More notes from Nordes
On Tuesday, the Nordes13 conference was dedicated to workshops, taking place at STPLN in Malmö. I had opted for the Experimenting with Design Experiments workshop, focused on ‘understanding of the underpinning mindsets, epistemological assumptions [of design experiments] and their implications as well as possibilities within the context of academic research.’ The workshop format revolved around the discussion of a series of dimensions, suggested by the organizers, related to the overarching concepts of involvement, control and purpose.

Nordes13 worskhop
Anna Rylander, Dagny Stuedahl, Ramia Mazé, Dagmar Steffen and Timo Rissanen in conversation
Although some of the dimensions (e.g. artifact vs experience, lab/studio vs. field) were a little stiff to work with, they still offered a framework for exchange, and especially the plenary discussion led to some very interesting shared insights.
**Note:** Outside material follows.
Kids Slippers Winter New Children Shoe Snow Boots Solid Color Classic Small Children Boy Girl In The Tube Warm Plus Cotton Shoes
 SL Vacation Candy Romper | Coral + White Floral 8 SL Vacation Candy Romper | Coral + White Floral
Notions about expertise, and how to understand and work with the expertise of participants was one such topic, another interesting conversation addressed the roles, types and involvement of stakeholders, and the respective problems in having many stakeholders vs. working solo. The suggested dimensions also gave us a chance to reflect on the dimensions that were missing, such as the relation between subjectivity (so strongly present in design research) and objectivity (held up as the ideal in other traditions), and on given vs. emergent evaluation criteria.
For me, the most inspiring part was the discussion around our apparatus; the methods, theories, motors and representations etc that we use to investigate our field. It was Dagny Stuedahl who introduced the notion of apparatus, but unfortunately I did not catch the reference. Her emphasis on the processual qualities of the apparatus however made me think of the difference between a hammer and hammering (my mental image being the tool of the silversmith, not the carpenter) – that it is not just the tool, but how you use it, and that the affordance of the tool therefore also depends on the user.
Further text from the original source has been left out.